• EXERCISE PROMPT
Can you print the data exactly and leave out each image?

[Collected data]
----

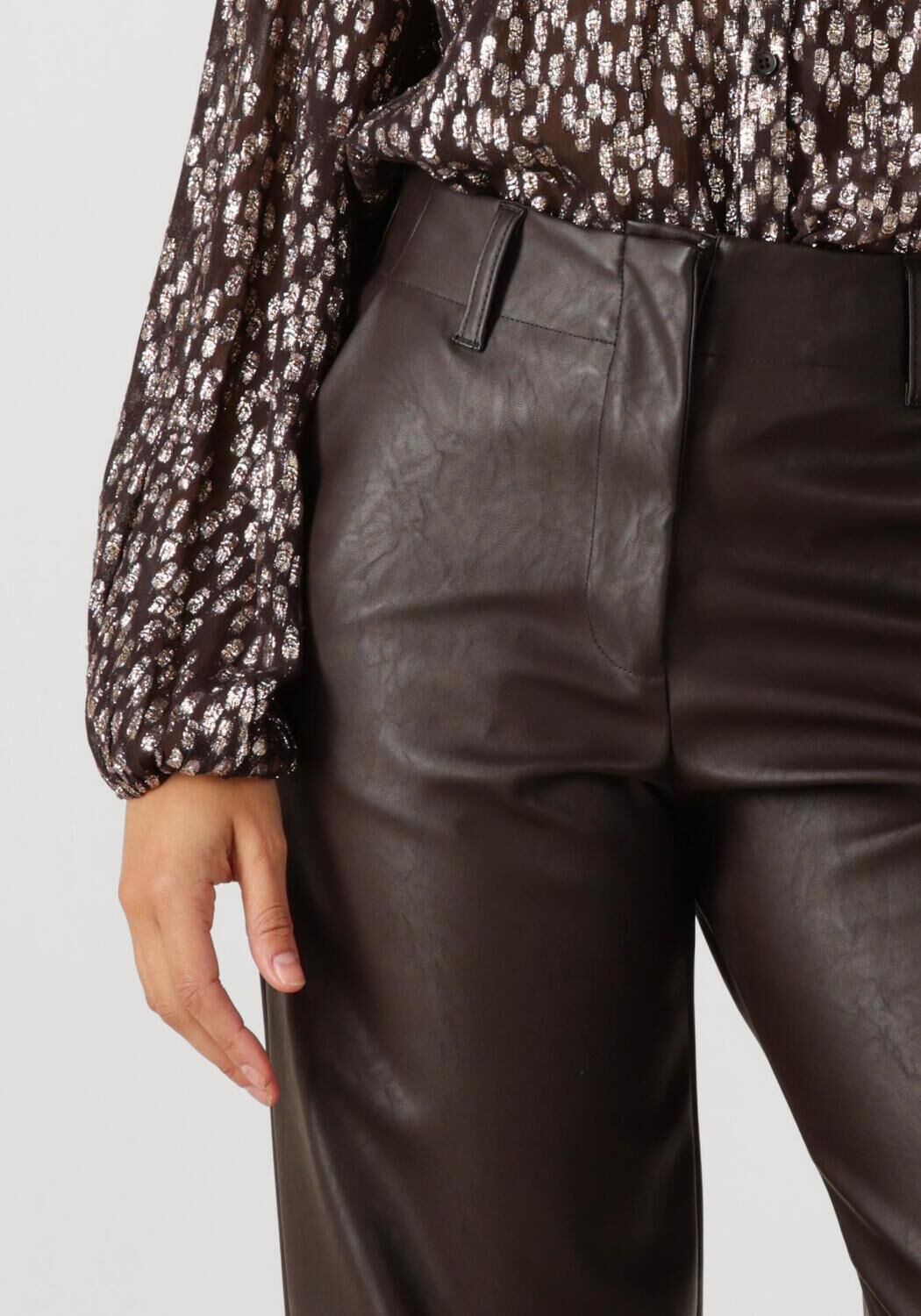 KNIT-TED Dames Broeken Naomi Pant Bruin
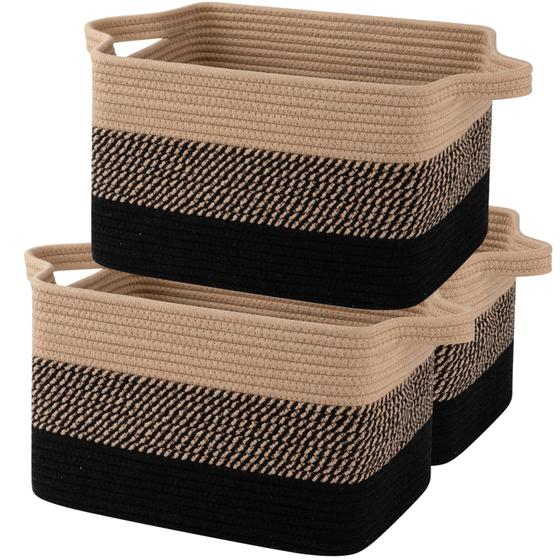 Imagem de Cesta de Armazenamento OIAHOMY - Corda de Algodão Trançada - Pacote com 3 (Preta e Marrom)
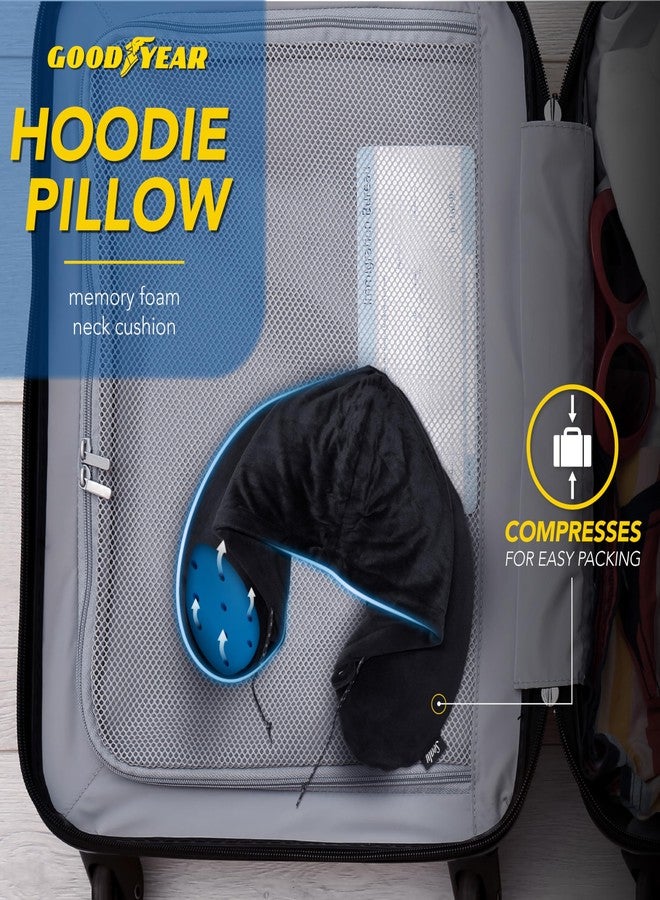 Goodyear Travel Pillow with Hood - Neck Support for Comfortable Travel, Hooded Neck Pillow for Flights and Road Trips, Black - Image 3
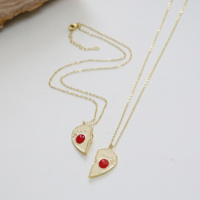 Collier avec pendentif cœur en émail coloré mignon, charme cœur magnétique, collier de couple pour la Saint-Valentin, bijoux cadeaux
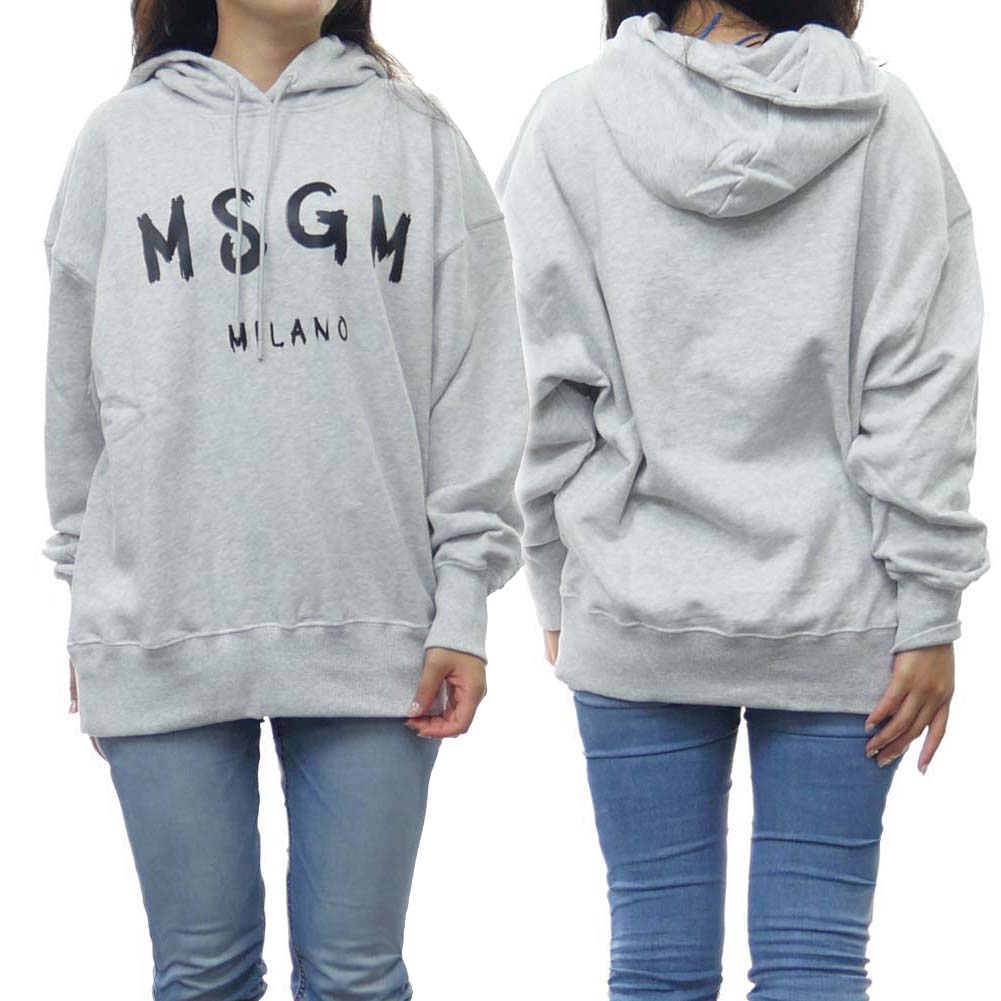 MSGM エムエスジーエム レディース プルオーバー パーカー 2000MDM515 200003 グレー フーディ オーバーサイズ ビッグシルエット ロゴ プリント 裏毛 スウェット フレンチテリー インポート|TRE STYLE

----

• EXERCISE SOLUTION
 KNIT-TED Dames Broeken Naomi Pant Bruin
 Imagem de Cesta de Armazenamento OIAHOMY - Corda de Algodão Trançada - Pacote com 3 (Preta e Marrom)
 Goodyear Travel Pillow with Hood - Neck Support for Comfortable Travel, Hooded Neck Pillow for Flights and Road Trips, Black - Image 3
 Collier avec pendentif cœur en émail coloré mignon, charme cœur magnétique, collier de couple pour la Saint-Valentin, bijoux cadeaux
 MSGM エムエスジーエム レディース プルオーバー パーカー 2000MDM515 200003 グレー フーディ オーバーサイズ ビッグシルエット ロゴ プリント 裏毛 スウェット フレンチテリー インポート|TRE STYLE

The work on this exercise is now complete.